[Supplied material]
________________________

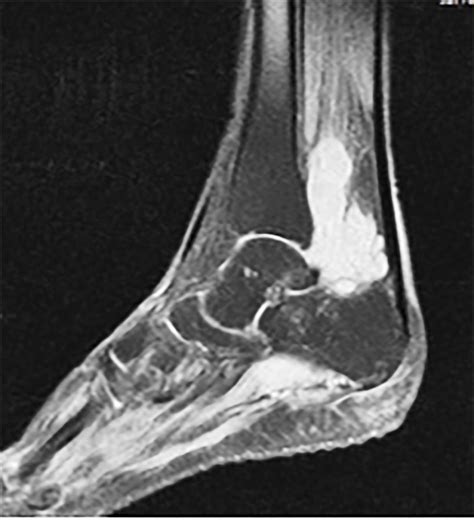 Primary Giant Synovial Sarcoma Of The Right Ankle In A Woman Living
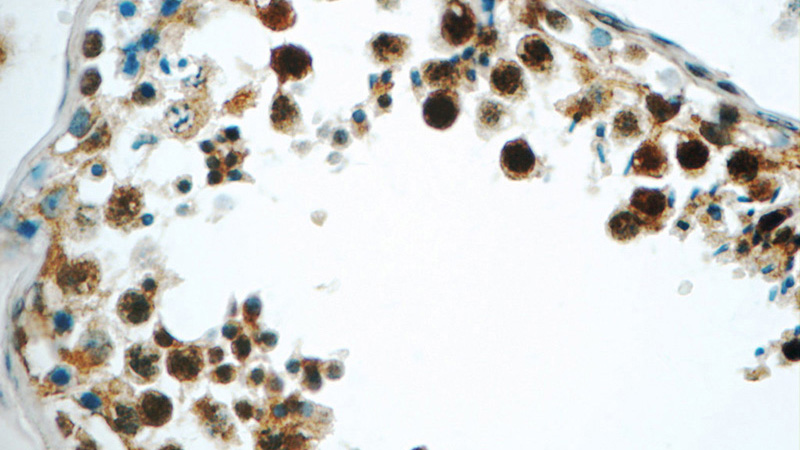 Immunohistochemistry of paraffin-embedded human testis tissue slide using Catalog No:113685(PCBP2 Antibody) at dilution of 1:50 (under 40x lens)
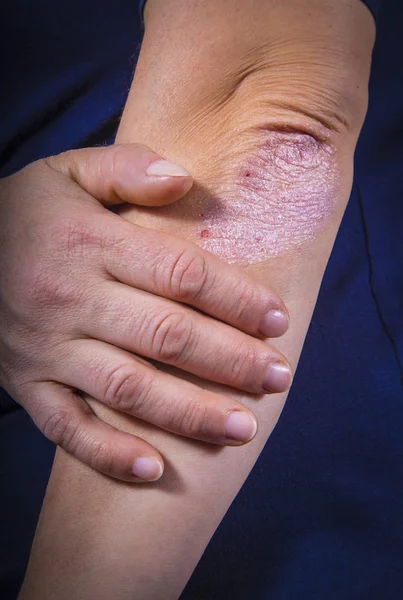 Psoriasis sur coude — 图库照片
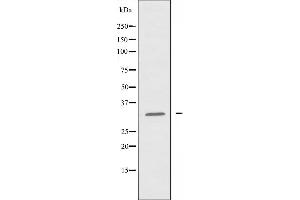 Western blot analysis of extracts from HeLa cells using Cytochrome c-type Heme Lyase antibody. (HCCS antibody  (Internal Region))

________________________

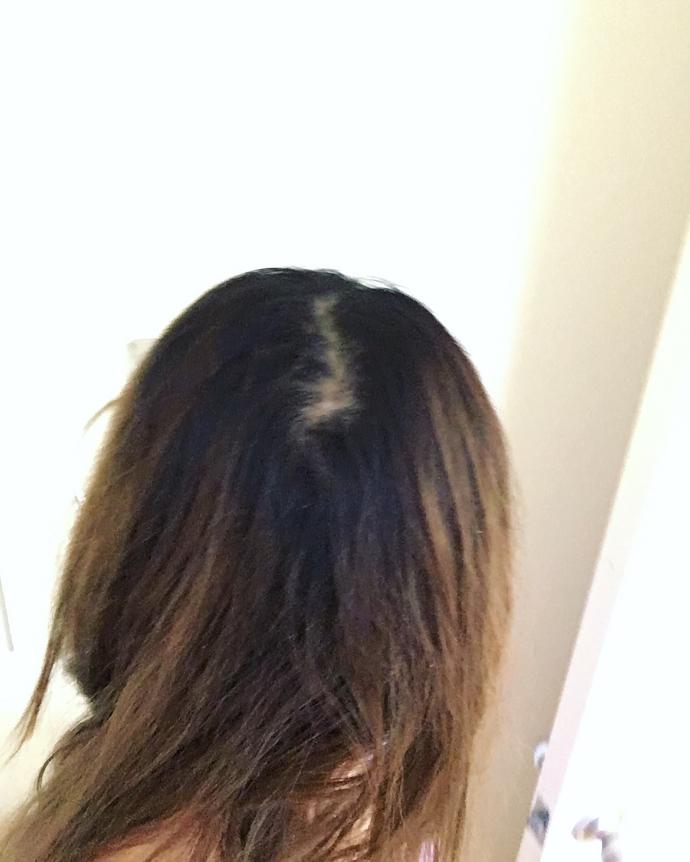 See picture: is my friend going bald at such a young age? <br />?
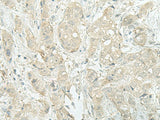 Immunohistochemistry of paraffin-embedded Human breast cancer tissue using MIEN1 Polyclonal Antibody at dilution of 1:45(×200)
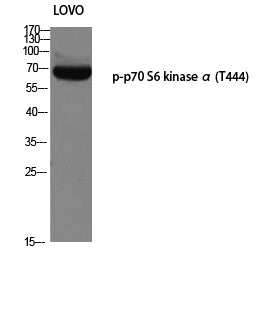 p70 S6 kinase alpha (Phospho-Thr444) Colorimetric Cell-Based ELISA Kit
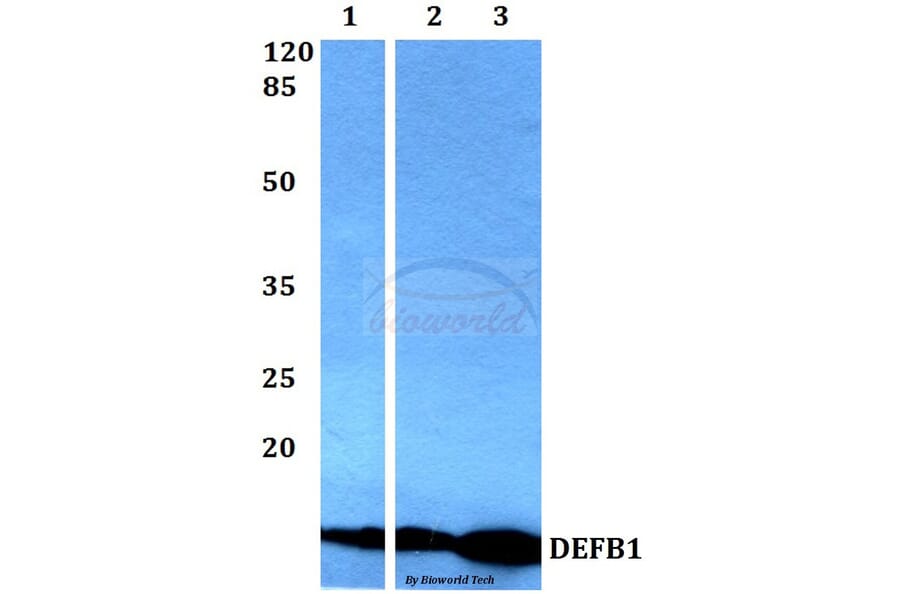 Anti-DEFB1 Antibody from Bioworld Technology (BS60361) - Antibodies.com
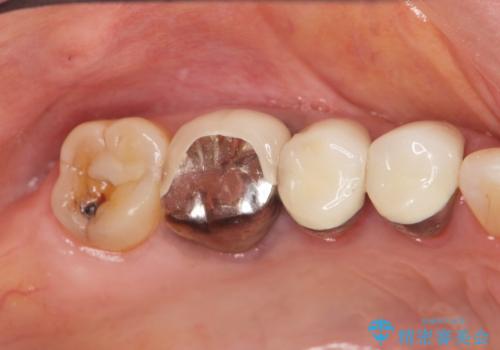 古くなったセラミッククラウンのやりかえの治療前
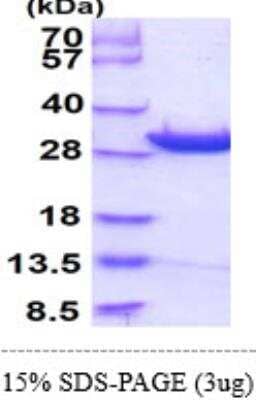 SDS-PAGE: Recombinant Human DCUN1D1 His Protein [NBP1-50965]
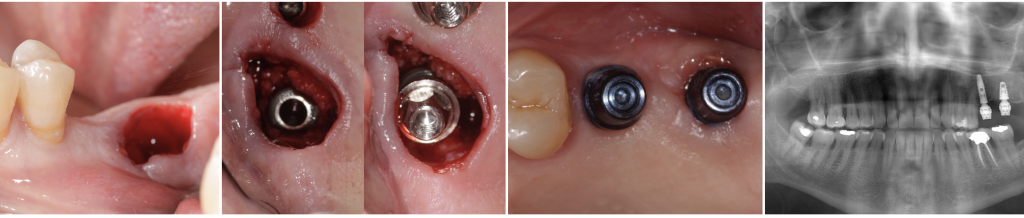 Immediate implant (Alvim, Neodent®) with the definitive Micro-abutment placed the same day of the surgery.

________________________

[Task details] Nothing but the lines from the one with "See picture: is" up to and including the one with "Immediate implant (Alvim, Neodent®)" should be printed, exactly as they read above. Please keep the pictures out.

[Written response]
 See picture: is my friend going bald at such a young age? <br />?
 Immunohistochemistry of paraffin-embedded Human breast cancer tissue using MIEN1 Polyclonal Antibody at dilution of 1:45(×200)
 p70 S6 kinase alpha (Phospho-Thr444) Colorimetric Cell-Based ELISA Kit
 Anti-DEFB1 Antibody from Bioworld Technology (BS60361) - Antibodies.com
 古くなったセラミッククラウンのやりかえの治療前
 SDS-PAGE: Recombinant Human DCUN1D1 His Protein [NBP1-50965]
 Immediate implant (Alvim, Neodent®) with the definitive Micro-abutment placed the same day of the surgery.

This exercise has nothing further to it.